Dogecoin was created as a parody of the several scam cryptocurrency coins in circulation and was inspired by a Shiba Inu meme that first surfaced several years back. It garnered media attention when Dogecoin reached the top ten crypto coins in 2021 and gave holders massive profits in a single year. Dogecoin has stayed at the top ever since, mainly because of the Dogecoin community that follows it.

Dogecoin is an open-source cryptocurrency that uses a proof-of-work consensus algorithm to achieve its goals. Elon Musk, the founder of Tesla, tweeted a couple of times endorsing cryptocurrency, which caused it to skyrocket. His business recognizes Dogecoin in exchange for Tesla goods. Dogecoin has been at the receiving end of multiple celebrity endorsements. Dogecoin is the most popular meme coin in existence and a lot of people want to be associated with it. Dogecoin will continue to dominate the market for years to come if celebrities continue endorsing it and the community continues the hype.

Dogecoins main rival, Shiba Inu (SHIB), was released and built on the Ethereum blockchain as a cryptocurrency in August 2020. The Shiba Inu token, SHIB, is a decentralized network that offers traders the chance to gain benefits from taking part in its community. In the ecosystem, it serves as the primary means of exchange, and users can use it to stake, trade, or gain.

The SHIB token is the second most popular meme token on the market. It is capable of being used to create a reliable and effective economy.

SHIB is gaining more recognition as a top payment medium. Shiba Inus entry into the metaverse is another fascinating event. The metaverse is their most recently virtual reality and metaverse initiative where SHIB holders can now use the token to buy virtual land plots.

Pugglit Inu (PUGT) is a new meme coin project designed to transform the trading of cryptocurrencies. The initiative seeks to usher in a new era of meme coins, similar to how it happened when the popularity of meme coins skyrocketed in 2020.

The Pugglit Inu project is inspired by the Pugglit Inu meme, a combination of the words puggle and piglet. The coin is designed to reflect the best characteristics of both animals and they are featured on the PUGT platform. The projects thorough record-keeping and environmental conservation are a reflection of the piggies exceptional memory and excellent hygiene. On the pug front, the projects community-friendliness and customer-care service reflect the pugs friendly and devoted attitude.
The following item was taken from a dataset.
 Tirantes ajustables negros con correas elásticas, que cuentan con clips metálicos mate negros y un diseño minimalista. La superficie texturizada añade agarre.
The Binance Smart network as a reflection token is used by the PUGT platform to maximize users income over short- and long-term usage. The utility token of the Pugglit Inu platform is known as PUGT. It finances the projects decentralization utilizing the rewards connected to user transactions made through decentralized wallets.

Many crypto-related issues, including accessibility, flexibility, transaction costs, and security, can be resolved with Pugglit Inu. It provides access to the best trading platform, a charting tool, a news aggregator, network statistics, and trading bots, among other advanced trading tools. It will enable traders to be on top of current trends and execute trades more successfully.

Dogecoin (DOGE) and Shiba Inu (SHIB) have dominated the meme crypto market since their respective launches. However, the outstanding utility of Pugglit Inu (PUGT) could see it take over the canine giants in the future. Keep your eyes peeled for Pugglit Inu.

Pugglit Inu (PUGT)

Presale: https://pug.pugglitinu.com

Website: http://pugglitinu.com/

Telegram: https://t.me/PugglitInuOfficial

Any information written in this press release or sponsored post does not constitute investment advice. Thecoinrepublic.com does not, and will not endorse any information on any company or individual on this page. Readers are encouraged to make their own research and make any actions based on their own findings and not from any content written in this press release or sponsored post. Thecoinrepublic.com is and will not be responsible for any damage or loss caused directly or indirectly by the use of any content, product, or service mentioned in this press release or sponsored post.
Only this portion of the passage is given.